------ Records shown ------

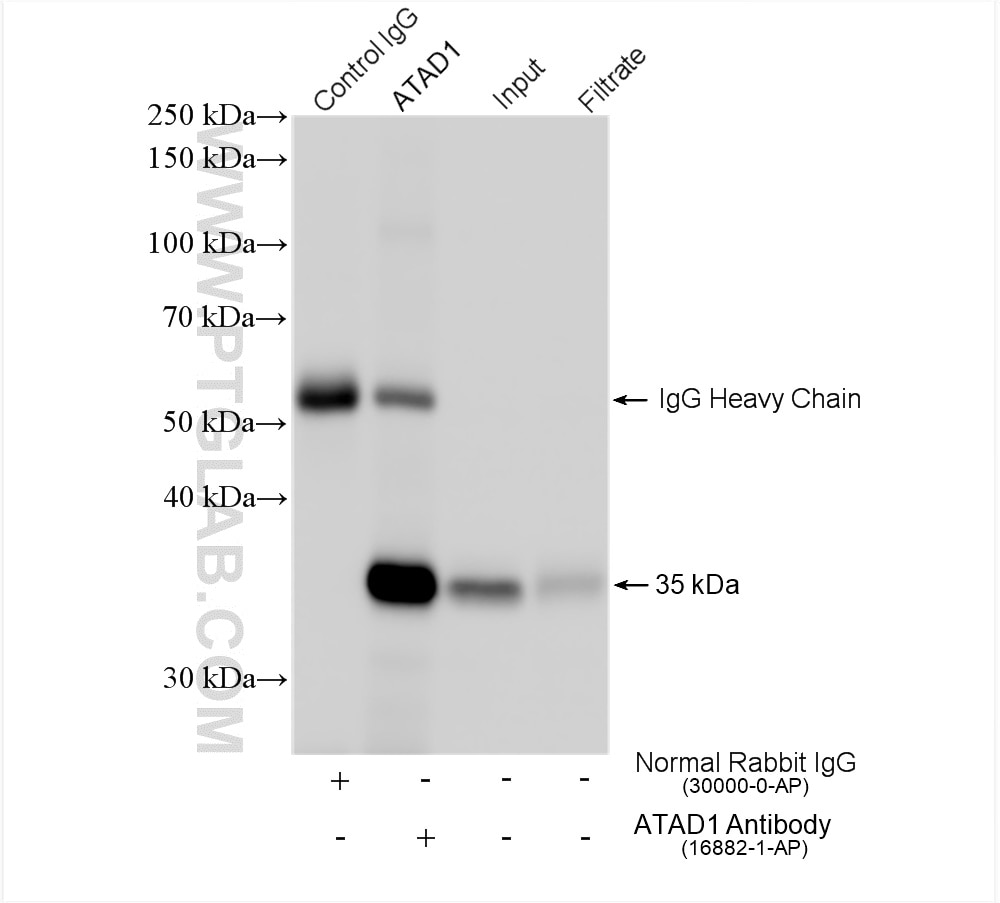 Immunoprecipitation (IP) experiment of mouse brain tissue using ATAD1 Polyclonal antibody (16882-1-AP)
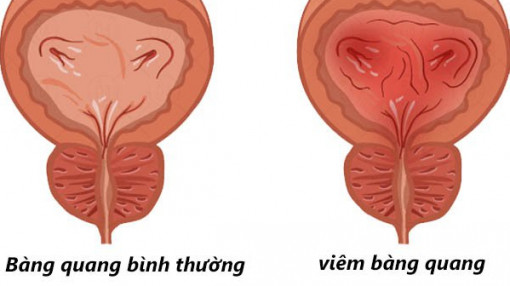 Đi tiểu hơn 20 lần/ngày có trị hết?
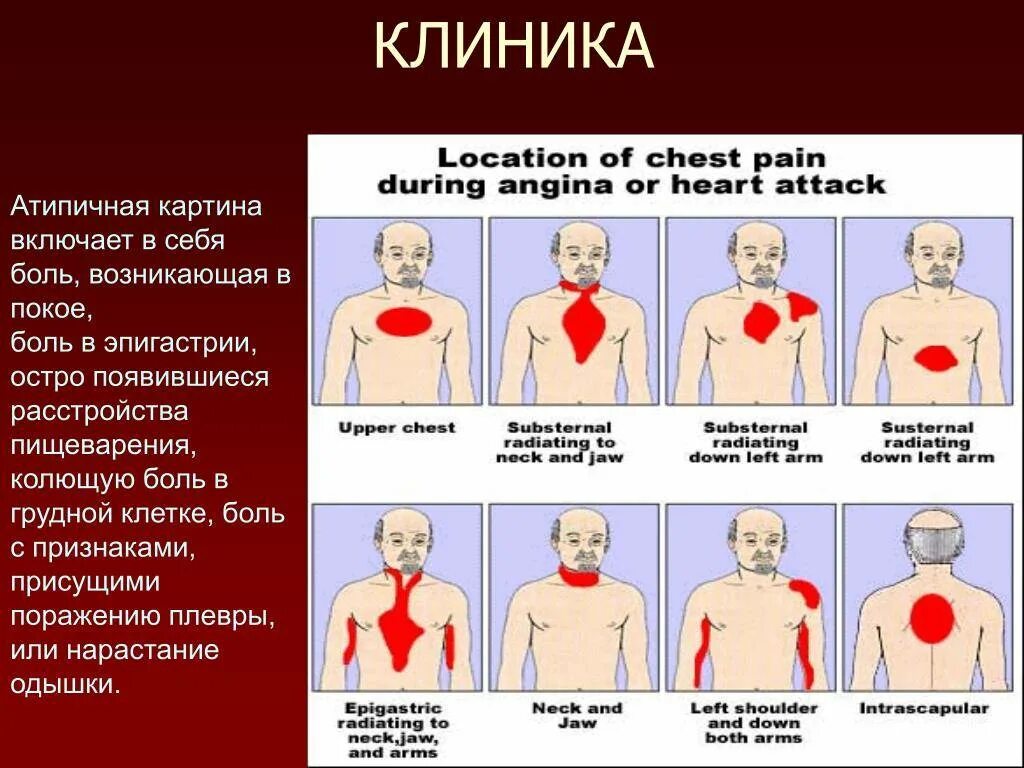 Ноющая боль в верхней части. Боли в центре под грудной клеткой спереди. Дольф в грудной клетке. Болит в левой части грудины.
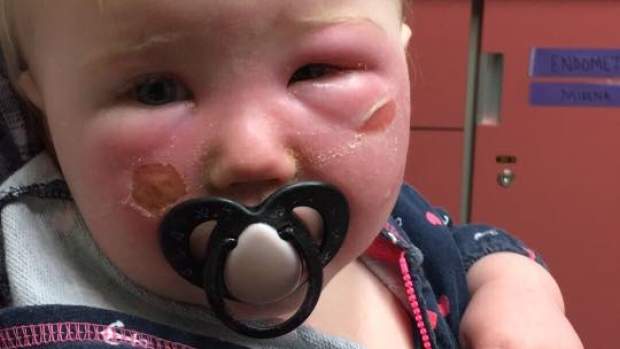 Saskatoon woman blames Banana Boat sunscreen for severe blisters - image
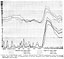 Chart 15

------

▸ **Problem**: What is needed is an exact restatement of every line from the one containing "Saskatoon woman blames" through the last line of the records, pictures left out.

▸ **Response to the exercise**:
 Saskatoon woman blames Banana Boat sunscreen for severe blisters - image
 Chart 15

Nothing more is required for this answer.